## PROBLEM DESCRIPTION
Give back every line of the material exactly. Skip the pictures.

## DATA SEGMENT
---
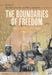 The Boundaries of Freedom by Brodwyn Fischer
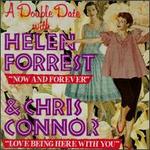 Now and Forever/Love Being Here With You - Helen Forrest & Chris Connor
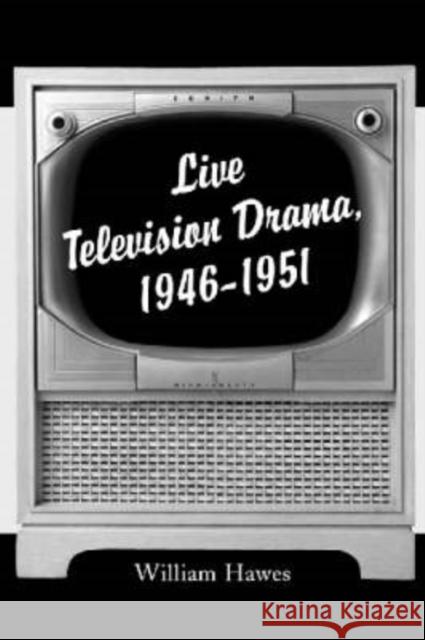 Live Television Drama, 1946-1951 William Hawes 9780786409051 McFarland & Company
---
## ANSWER TO THIS EXERCISE
 The Boundaries of Freedom by Brodwyn Fischer
 Now and Forever/Love Being Here With You - Helen Forrest & Chris Connor
 Live Television Drama, 1946-1951 William Hawes 9780786409051 McFarland & Company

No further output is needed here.